Exprimí hasta el último de mis recursos. Pero no, ese ser enjuto y odioso tuvo que escribirlo por mí.
No era mejor que yo, ni mucho menos. Era un mero aprendiz, un niñato malcriado de apenas dieciséis años al que soportaba sólo para vivir, para ir tirando. Un bobalicón barbilampiño que plagiaba hasta el último de mis comentarios.
Y sin embargo allí estaba, con un ritmo perfecto, una cadencia envidiable. Una estructura encomiable, a la altura de los mejores. Redondo y completo como una gran bola de nieve. Y sólo yo lo había leído.
Quise creer que era suerte. Mil monos aporreando mil máquinas durante mis años podrían escribir El Quijote, o ese maldito relato. No había que darle más vueltas.

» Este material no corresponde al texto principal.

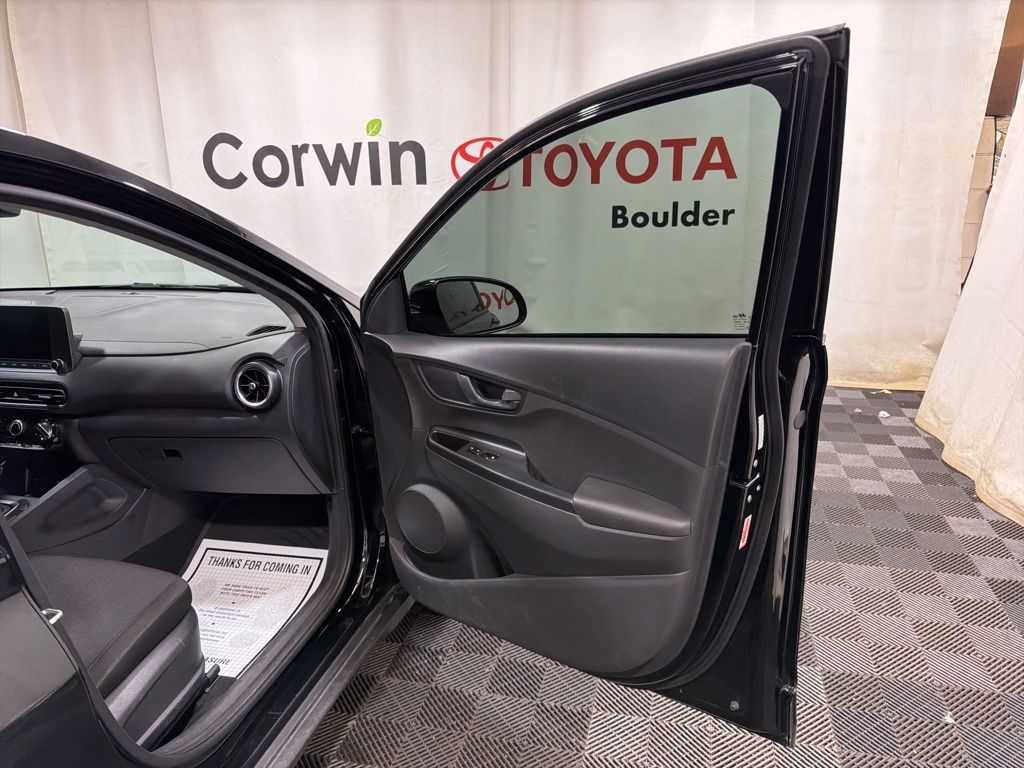 2023 Hyundai Kona SEL - Photo 8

En la siguiente clase en la que nos vimos me asaltó una duda: ¿Y si no era suyo? ¿Y si después de todo lo había copiado de algún escritor que yo no conocía?
Fue directo al grano. Me preguntó qué me había parecido el relato y yo, notando que el aire comenzaba a faltarme, contesté que aún no lo había leído, «sólo pude echarle un vistazo por encima» dije azorado, «escribe algo ahora, tres cuatro líneas».
Las escribió… en apenas dos minutos. Y un odio incontrolable me inundó cuando leí aquellos párrafos. ¿Sabe usted lo que es eso para un escritor?, ¿imagina acaso el hastío que te produce el reconocer que un adversario es mejor que tú en lo único que sabes hacer? Yo habría tardado horas en escribir esos mismos párrafos y no habrían quedado completos. Me habría costado sangre sudor y lágrimas expresar tanto con tan poco. Y le aseguro que no lo habría conseguido. Sé cuáles son mis limitaciones, no me engaño. Y sin embargo, ese maldito crío…
No sé qué pasó por mi cabeza, sólo anhelaba haber escrito aquello, aquellas palabras instantáneas, aquel relato… Lo maté.
No intente descubrir cómo lo hice, pues al menos yo no lo recuerdo. Sólo sé que cada segundo que pasaba delante de aquél imbécil me hacía empequeñecer, me sumergía cada vez más en una miseria insoportable que me ahogaba, que asfixiaba hasta la última de mis neuronas.
—¿Y el cuerpo? —susurró su interlocutor.
—Ya le he dicho que no me acuerdo. No sé cómo me deshice de él.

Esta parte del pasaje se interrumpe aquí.